Methods for Improving Voltage Regulation Resolution of Adjustable Voltage Power Supplies

Introduction
Voltage regulation resolution is a critical performance indicator of adjustable voltage power supplies, especially in high-precision application scenarios such as semiconductor device testing, quantum computing equipment power supply, and precision sensor calibration. In these fields, even a tiny voltage deviation may lead to inaccurate test results or abnormal operation of equipment. However, traditional adjustable voltage power supplies often face limitations in resolution improvement due to factors such as digital-to-analog converter (DAC) precision, feedback loop noise, and component parameter drift, which cannot meet the growing demand for high-precision voltage control.
Core Technical Challenges
The main challenges affecting voltage regulation resolution include three aspects. First, the finite number of bits of the DAC leads to discrete voltage output steps, making it difficult to achieve continuous and fine voltage adjustment. Second, the noise in the feedback loop, such as thermal noise of resistors and switching noise of power devices, superimposes on the output voltage, reducing the effective resolution. Third, the parameter drift of key components (such as operational amplifiers and voltage reference sources) caused by temperature changes further deteriorates the resolution stability.
Improvement Methods
To address these challenges, three targeted methods are proposed. Firstly, a high-bit DAC (e.g., 24-bit DAC) is adopted to reduce the voltage step size. Compared with the traditional 16-bit DAC, the 24-bit DAC can reduce the minimum voltage step by nearly 256 times, significantly improving the discrete resolution. Meanwhile, a dual DAC structure is introduced, where one DAC is responsible for coarse adjustment and the other for fine adjustment, realizing the combination of wide adjustment range and high resolution.
Secondly, the feedback loop is optimized to suppress noise. Low-temperature-coefficient precision resistors are used in the voltage division network of the feedback loop to reduce the impact of temperature drift on voltage sampling accuracy. A low-noise operational amplifier with a noise density lower than 1nV/√Hz is selected to reduce the inherent noise of the loop. In addition, a digital filter based on the Kalman algorithm is added to the digital control module to filter out random noise in the sampling signal without delaying the dynamic response.
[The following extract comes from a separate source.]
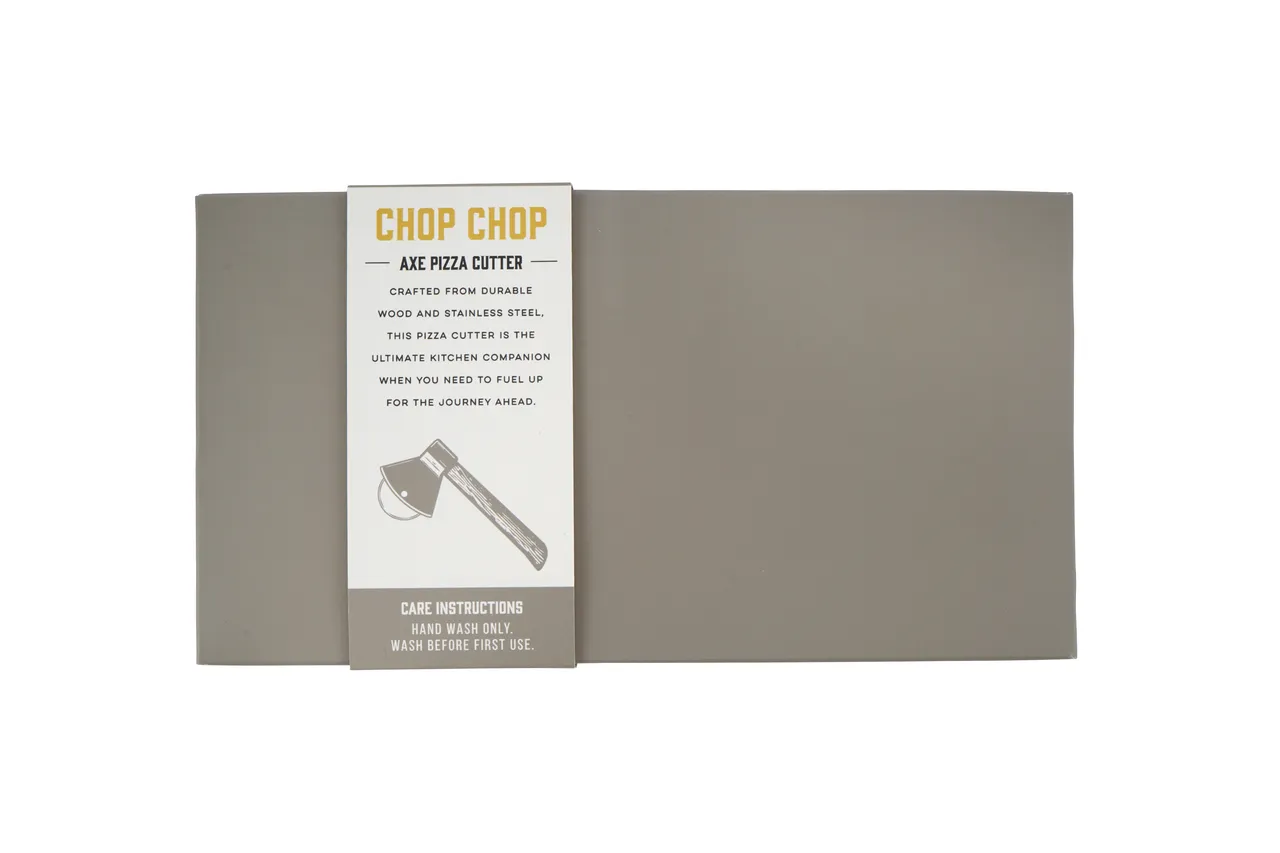 Great Plains Axe Pizza Cutter - More Than Just a Gift | Narborough Hall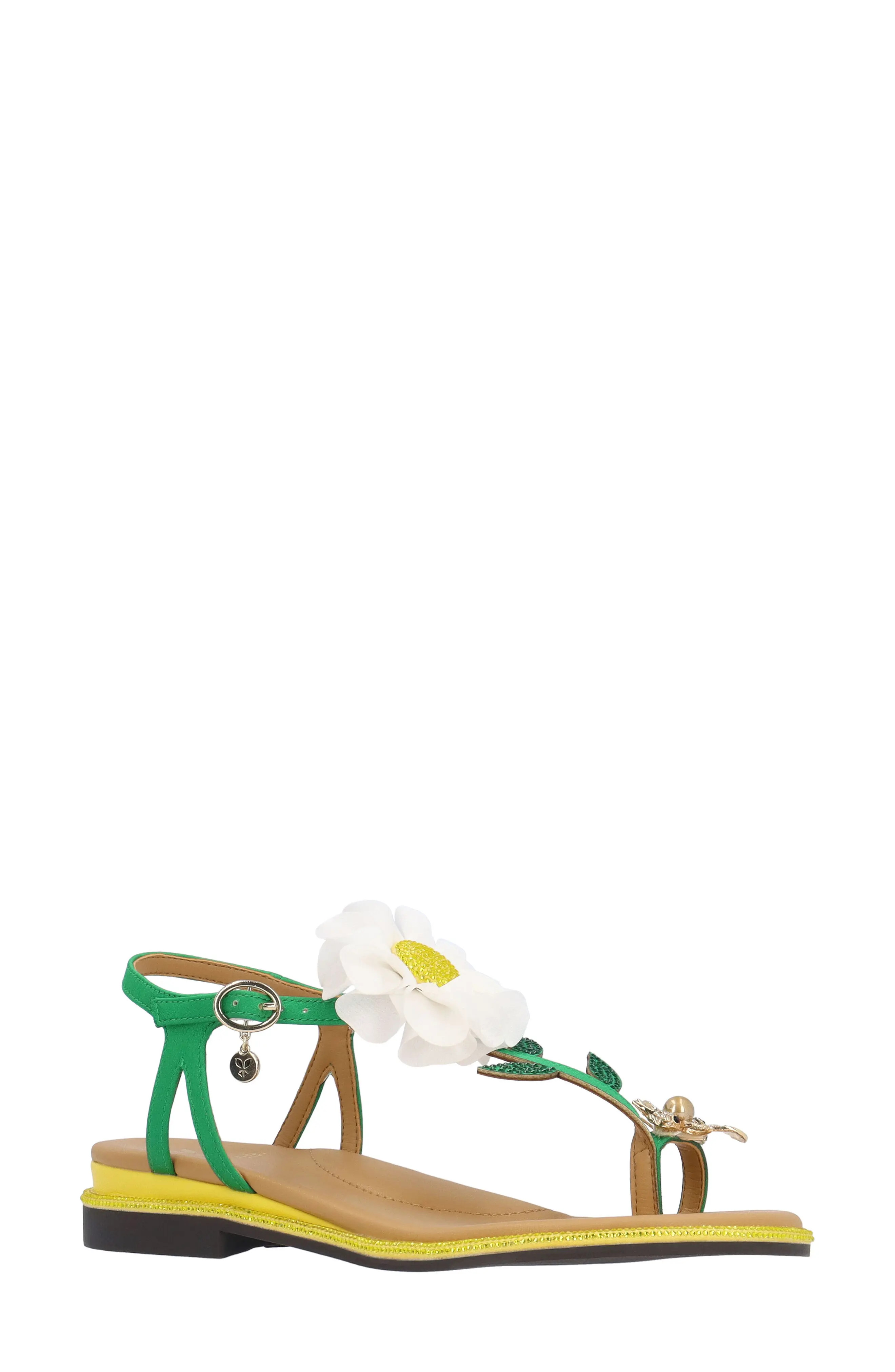 Dazee Toe Loop Sandal (Women) | Nordstrom | Nordstrom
Thirdly, a temperature compensation mechanism is established. Temperature sensors are placed near key components such as DAC, voltage reference, and operational amplifier to real-time monitor the temperature. The control system uses a pre-calibrated temperature-resistance/voltage correction model to dynamically adjust the control parameters of the DAC and feedback loop, ensuring that the resolution remains stable within the operating temperature range of -20°C to 70°C.
Application Verification
In the semiconductor wafer testing application, the improved adjustable voltage power supply is used to provide bias voltage for the wafer. The test results show that the voltage regulation resolution is increased from 10mV (traditional scheme) to 0.1mV, and the voltage fluctuation within 24 hours is less than 0.05mV. This ensures that the electrical parameters of each chip on the wafer are tested under the same precise bias voltage, reducing the test error by more than 30% compared with the traditional power supply.
Conclusion
By combining high-bit DAC, noise-optimized feedback loop, and temperature compensation mechanism, the voltage regulation resolution of the adjustable voltage power supply can be significantly improved, which provides reliable support for high-precision application scenarios and has broad application prospects in the fields of microelectronics and precision measurement.